The package includes pre-built company data from:

- **GLEIF LEI**: Global Legal Entity Identifier database
- **Wikidata**: Rich company metadata and aliases
- **Stock Exchanges**: ASX, LSE, TSX listings

Sample data is included in the package for immediate use.

## API Reference

### `match_company(name, country=None)`

Simple interface to find the best matching company.

**Parameters**:
- `name` (str): Company name to match
- `country` (str, optional): ISO 2-letter country code

**Returns**: Dictionary with matched company data, or `None` if no good match found.

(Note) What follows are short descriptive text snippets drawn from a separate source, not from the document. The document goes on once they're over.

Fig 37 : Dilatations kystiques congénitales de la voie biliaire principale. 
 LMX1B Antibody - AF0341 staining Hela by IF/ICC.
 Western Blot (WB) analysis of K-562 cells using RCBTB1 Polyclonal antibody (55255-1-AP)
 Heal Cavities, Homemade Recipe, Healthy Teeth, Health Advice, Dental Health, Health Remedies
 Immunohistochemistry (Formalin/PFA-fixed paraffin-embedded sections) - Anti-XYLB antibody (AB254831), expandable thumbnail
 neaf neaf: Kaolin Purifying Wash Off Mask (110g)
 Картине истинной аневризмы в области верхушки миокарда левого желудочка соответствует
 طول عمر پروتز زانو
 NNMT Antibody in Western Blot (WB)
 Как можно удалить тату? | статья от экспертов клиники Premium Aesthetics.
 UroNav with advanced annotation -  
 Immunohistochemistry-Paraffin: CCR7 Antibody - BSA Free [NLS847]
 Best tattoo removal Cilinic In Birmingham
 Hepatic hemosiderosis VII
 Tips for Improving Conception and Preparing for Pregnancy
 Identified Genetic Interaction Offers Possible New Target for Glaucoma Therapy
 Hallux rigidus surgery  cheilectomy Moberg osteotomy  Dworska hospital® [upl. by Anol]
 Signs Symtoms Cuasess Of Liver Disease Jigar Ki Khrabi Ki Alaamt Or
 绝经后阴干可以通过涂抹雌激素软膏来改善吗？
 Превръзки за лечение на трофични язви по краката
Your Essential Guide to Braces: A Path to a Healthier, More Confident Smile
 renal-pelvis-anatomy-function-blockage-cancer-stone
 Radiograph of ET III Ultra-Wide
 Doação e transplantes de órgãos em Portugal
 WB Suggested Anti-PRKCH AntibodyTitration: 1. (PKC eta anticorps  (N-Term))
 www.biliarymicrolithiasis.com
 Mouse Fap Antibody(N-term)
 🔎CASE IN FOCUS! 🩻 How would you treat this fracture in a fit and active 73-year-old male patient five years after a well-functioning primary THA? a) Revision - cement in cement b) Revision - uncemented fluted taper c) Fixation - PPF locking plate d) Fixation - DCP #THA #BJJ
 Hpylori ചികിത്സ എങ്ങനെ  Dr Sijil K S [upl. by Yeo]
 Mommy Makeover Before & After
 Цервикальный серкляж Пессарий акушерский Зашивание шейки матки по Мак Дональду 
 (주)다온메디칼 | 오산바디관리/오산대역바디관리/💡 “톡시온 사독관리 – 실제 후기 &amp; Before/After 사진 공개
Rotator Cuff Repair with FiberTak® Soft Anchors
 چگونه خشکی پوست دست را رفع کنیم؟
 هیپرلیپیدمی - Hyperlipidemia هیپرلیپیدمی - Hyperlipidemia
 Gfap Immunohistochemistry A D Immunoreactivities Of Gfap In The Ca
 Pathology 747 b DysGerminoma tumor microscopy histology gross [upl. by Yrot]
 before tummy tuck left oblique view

### `resolve_company(name, country=None, **kwargs)`

Full resolution with all details and match scores.

**Parameters**:
- `name` (str): Company name to resolve
- `country` (str, optional): ISO 2-letter country code
- Additional kwargs for advanced options

**Returns**: Dictionary with:
- `final`: Best matched company
- `decision`: Decision type ('auto_high_conf', 'llm_tiebreak', etc.)
- `matches`: List of all potential matches with scores

### `normalize_name(name)`

Normalize a company name for matching.

**Parameters**:
- `name` (str): Company name to normalize

**Returns**: Normalized string (lowercase, no punctuation, legal suffixes removed)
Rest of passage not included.